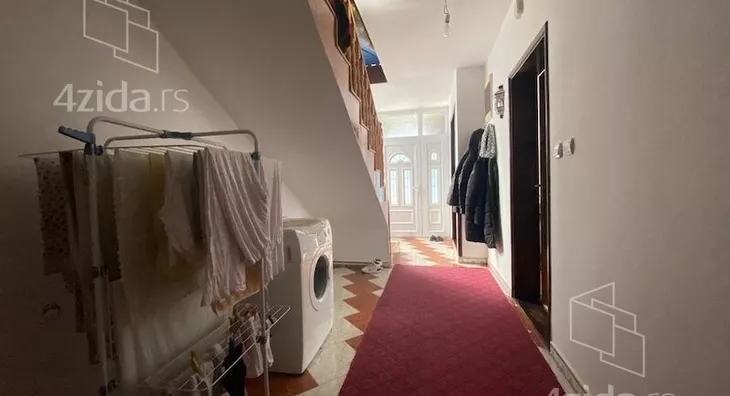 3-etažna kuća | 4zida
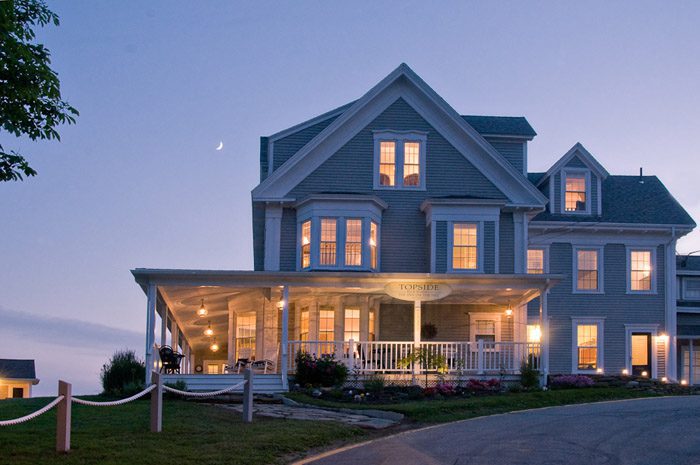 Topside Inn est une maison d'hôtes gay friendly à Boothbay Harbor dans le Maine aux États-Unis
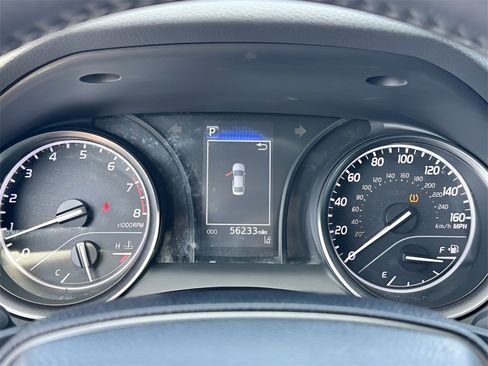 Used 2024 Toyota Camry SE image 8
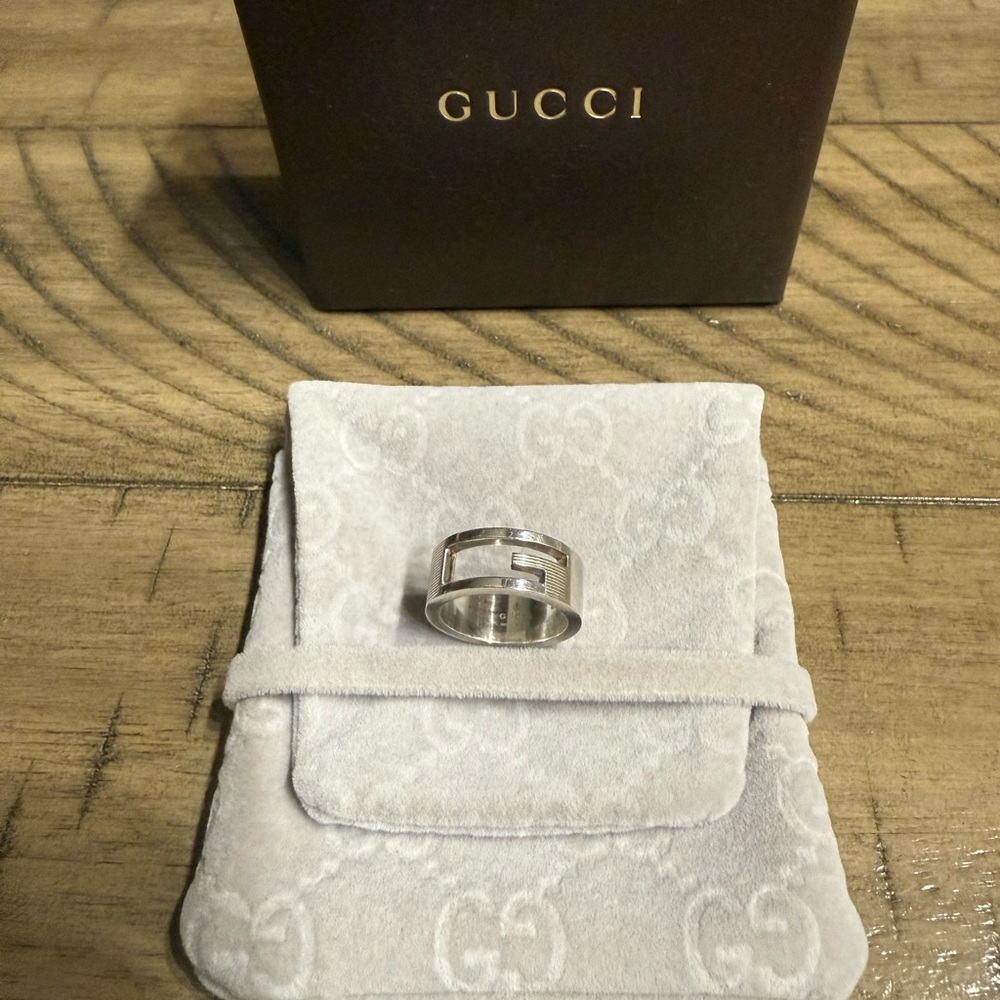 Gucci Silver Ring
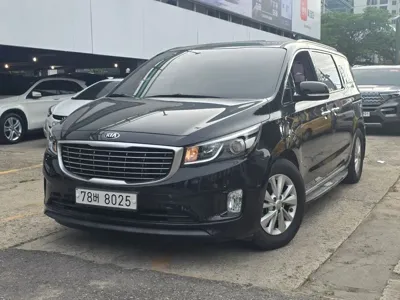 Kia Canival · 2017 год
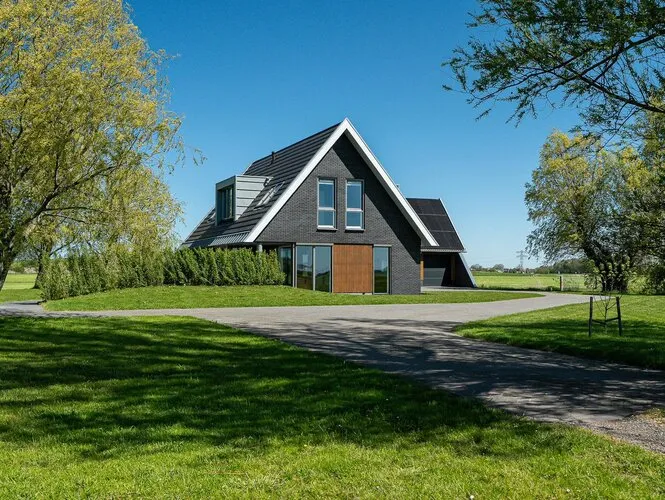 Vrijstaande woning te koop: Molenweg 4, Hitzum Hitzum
· · · · · · ·
**Work instruction:** All of the material must be repeated exactly in the answer, apart from the pictures.

**Task output:**
 3-etažna kuća | 4zida
 Topside Inn est une maison d'hôtes gay friendly à Boothbay Harbor dans le Maine aux États-Unis
 Used 2024 Toyota Camry SE image 8
 Gucci Silver Ring
 Kia Canival · 2017 год
 Vrijstaande woning te koop: Molenweg 4, Hitzum Hitzum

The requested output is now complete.